== Exercise requirements ==
Write out all of the data exactly as it appears.

== Stored data ==
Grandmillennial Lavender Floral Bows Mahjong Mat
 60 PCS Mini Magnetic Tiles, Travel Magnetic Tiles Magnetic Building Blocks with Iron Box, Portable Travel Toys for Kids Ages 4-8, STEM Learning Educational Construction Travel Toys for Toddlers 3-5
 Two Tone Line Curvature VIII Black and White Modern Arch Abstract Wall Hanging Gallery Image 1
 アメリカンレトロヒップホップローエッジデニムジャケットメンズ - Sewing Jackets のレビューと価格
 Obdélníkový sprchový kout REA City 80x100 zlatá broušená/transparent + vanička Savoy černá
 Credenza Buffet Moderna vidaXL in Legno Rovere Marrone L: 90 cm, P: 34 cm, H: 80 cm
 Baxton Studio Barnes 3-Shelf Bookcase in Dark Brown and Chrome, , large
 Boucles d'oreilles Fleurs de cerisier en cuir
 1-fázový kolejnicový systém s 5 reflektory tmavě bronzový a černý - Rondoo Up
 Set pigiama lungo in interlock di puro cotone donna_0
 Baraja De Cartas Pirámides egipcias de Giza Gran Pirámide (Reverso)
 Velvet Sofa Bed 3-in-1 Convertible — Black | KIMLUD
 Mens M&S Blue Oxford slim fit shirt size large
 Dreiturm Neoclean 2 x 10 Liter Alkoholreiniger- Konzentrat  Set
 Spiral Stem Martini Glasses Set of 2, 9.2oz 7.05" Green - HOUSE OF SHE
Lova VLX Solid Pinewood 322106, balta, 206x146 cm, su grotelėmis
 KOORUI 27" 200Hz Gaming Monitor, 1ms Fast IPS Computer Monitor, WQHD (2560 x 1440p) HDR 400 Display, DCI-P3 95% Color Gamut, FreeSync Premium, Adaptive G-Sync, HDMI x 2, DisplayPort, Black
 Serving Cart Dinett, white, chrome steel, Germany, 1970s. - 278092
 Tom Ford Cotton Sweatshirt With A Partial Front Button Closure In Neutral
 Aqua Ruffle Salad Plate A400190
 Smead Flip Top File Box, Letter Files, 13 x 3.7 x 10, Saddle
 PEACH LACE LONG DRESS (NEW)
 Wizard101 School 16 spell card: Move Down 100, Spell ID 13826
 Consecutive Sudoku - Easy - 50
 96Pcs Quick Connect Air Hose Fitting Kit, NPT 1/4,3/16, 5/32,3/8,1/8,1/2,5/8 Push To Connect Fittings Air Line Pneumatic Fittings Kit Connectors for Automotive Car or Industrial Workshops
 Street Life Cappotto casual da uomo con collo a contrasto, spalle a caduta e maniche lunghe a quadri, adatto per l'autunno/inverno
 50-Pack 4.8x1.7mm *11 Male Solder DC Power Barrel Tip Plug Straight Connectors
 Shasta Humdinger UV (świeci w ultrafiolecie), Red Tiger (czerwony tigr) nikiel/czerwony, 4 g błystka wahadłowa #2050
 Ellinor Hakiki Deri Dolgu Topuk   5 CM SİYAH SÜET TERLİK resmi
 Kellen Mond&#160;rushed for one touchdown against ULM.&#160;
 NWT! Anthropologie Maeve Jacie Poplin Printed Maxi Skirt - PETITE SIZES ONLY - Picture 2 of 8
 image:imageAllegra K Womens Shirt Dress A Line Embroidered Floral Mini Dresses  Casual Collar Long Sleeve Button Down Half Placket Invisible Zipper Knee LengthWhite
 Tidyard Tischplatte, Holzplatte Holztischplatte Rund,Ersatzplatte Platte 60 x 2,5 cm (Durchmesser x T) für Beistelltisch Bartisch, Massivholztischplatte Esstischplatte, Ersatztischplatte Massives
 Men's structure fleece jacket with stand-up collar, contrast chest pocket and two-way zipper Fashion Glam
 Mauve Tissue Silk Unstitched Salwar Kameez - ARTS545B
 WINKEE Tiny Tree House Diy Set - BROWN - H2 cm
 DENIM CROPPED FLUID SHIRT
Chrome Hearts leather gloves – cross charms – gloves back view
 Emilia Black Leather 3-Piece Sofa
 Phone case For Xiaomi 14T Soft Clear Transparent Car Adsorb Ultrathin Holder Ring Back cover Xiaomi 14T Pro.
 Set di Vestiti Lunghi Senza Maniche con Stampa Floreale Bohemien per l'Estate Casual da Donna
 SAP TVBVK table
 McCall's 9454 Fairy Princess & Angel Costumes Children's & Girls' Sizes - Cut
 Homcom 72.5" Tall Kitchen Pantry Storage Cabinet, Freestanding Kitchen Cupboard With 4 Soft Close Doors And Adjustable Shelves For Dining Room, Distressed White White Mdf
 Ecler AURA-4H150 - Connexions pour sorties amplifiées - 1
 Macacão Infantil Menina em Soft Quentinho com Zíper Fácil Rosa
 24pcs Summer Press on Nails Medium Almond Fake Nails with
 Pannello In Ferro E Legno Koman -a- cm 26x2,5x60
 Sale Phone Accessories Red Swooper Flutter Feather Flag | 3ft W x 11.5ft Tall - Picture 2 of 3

== Reply ==
Grandmillennial Lavender Floral Bows Mahjong Mat
 60 PCS Mini Magnetic Tiles, Travel Magnetic Tiles Magnetic Building Blocks with Iron Box, Portable Travel Toys for Kids Ages 4-8, STEM Learning Educational Construction Travel Toys for Toddlers 3-5
 Two Tone Line Curvature VIII Black and White Modern Arch Abstract Wall Hanging Gallery Image 1
 アメリカンレトロヒップホップローエッジデニムジャケットメンズ - Sewing Jackets のレビューと価格
 Obdélníkový sprchový kout REA City 80x100 zlatá broušená/transparent + vanička Savoy černá
 Credenza Buffet Moderna vidaXL in Legno Rovere Marrone L: 90 cm, P: 34 cm, H: 80 cm
 Baxton Studio Barnes 3-Shelf Bookcase in Dark Brown and Chrome, , large
 Boucles d'oreilles Fleurs de cerisier en cuir
 1-fázový kolejnicový systém s 5 reflektory tmavě bronzový a černý - Rondoo Up
 Set pigiama lungo in interlock di puro cotone donna_0
 Baraja De Cartas Pirámides egipcias de Giza Gran Pirámide (Reverso)
 Velvet Sofa Bed 3-in-1 Convertible — Black | KIMLUD
 Mens M&S Blue Oxford slim fit shirt size large
 Dreiturm Neoclean 2 x 10 Liter Alkoholreiniger- Konzentrat  Set
 Spiral Stem Martini Glasses Set of 2, 9.2oz 7.05" Green - HOUSE OF SHE
Lova VLX Solid Pinewood 322106, balta, 206x146 cm, su grotelėmis
 KOORUI 27" 200Hz Gaming Monitor, 1ms Fast IPS Computer Monitor, WQHD (2560 x 1440p) HDR 400 Display, DCI-P3 95% Color Gamut, FreeSync Premium, Adaptive G-Sync, HDMI x 2, DisplayPort, Black
 Serving Cart Dinett, white, chrome steel, Germany, 1970s. - 278092
 Tom Ford Cotton Sweatshirt With A Partial Front Button Closure In Neutral
 Aqua Ruffle Salad Plate A400190
 Smead Flip Top File Box, Letter Files, 13 x 3.7 x 10, Saddle
 PEACH LACE LONG DRESS (NEW)
 Wizard101 School 16 spell card: Move Down 100, Spell ID 13826
 Consecutive Sudoku - Easy - 50
 96Pcs Quick Connect Air Hose Fitting Kit, NPT 1/4,3/16, 5/32,3/8,1/8,1/2,5/8 Push To Connect Fittings Air Line Pneumatic Fittings Kit Connectors for Automotive Car or Industrial Workshops
 Street Life Cappotto casual da uomo con collo a contrasto, spalle a caduta e maniche lunghe a quadri, adatto per l'autunno/inverno
 50-Pack 4.8x1.7mm *11 Male Solder DC Power Barrel Tip Plug Straight Connectors
 Shasta Humdinger UV (świeci w ultrafiolecie), Red Tiger (czerwony tigr) nikiel/czerwony, 4 g błystka wahadłowa #2050
 Ellinor Hakiki Deri Dolgu Topuk   5 CM SİYAH SÜET TERLİK resmi
 Kellen Mond&#160;rushed for one touchdown against ULM.&#160;
 NWT! Anthropologie Maeve Jacie Poplin Printed Maxi Skirt - PETITE SIZES ONLY - Picture 2 of 8
 image:imageAllegra K Womens Shirt Dress A Line Embroidered Floral Mini Dresses  Casual Collar Long Sleeve Button Down Half Placket Invisible Zipper Knee LengthWhite
 Tidyard Tischplatte, Holzplatte Holztischplatte Rund,Ersatzplatte Platte 60 x 2,5 cm (Durchmesser x T) für Beistelltisch Bartisch, Massivholztischplatte Esstischplatte, Ersatztischplatte Massives
 Men's structure fleece jacket with stand-up collar, contrast chest pocket and two-way zipper Fashion Glam
 Mauve Tissue Silk Unstitched Salwar Kameez - ARTS545B
 WINKEE Tiny Tree House Diy Set - BROWN - H2 cm
 DENIM CROPPED FLUID SHIRT
Chrome Hearts leather gloves – cross charms – gloves back view
 Emilia Black Leather 3-Piece Sofa
 Phone case For Xiaomi 14T Soft Clear Transparent Car Adsorb Ultrathin Holder Ring Back cover Xiaomi 14T Pro.
 Set di Vestiti Lunghi Senza Maniche con Stampa Floreale Bohemien per l'Estate Casual da Donna
 SAP TVBVK table
 McCall's 9454 Fairy Princess & Angel Costumes Children's & Girls' Sizes - Cut
 Homcom 72.5" Tall Kitchen Pantry Storage Cabinet, Freestanding Kitchen Cupboard With 4 Soft Close Doors And Adjustable Shelves For Dining Room, Distressed White White Mdf
 Ecler AURA-4H150 - Connexions pour sorties amplifiées - 1
 Macacão Infantil Menina em Soft Quentinho com Zíper Fácil Rosa
 24pcs Summer Press on Nails Medium Almond Fake Nails with
 Pannello In Ferro E Legno Koman -a- cm 26x2,5x60
 Sale Phone Accessories Red Swooper Flutter Feather Flag | 3ft W x 11.5ft Tall - Picture 2 of 3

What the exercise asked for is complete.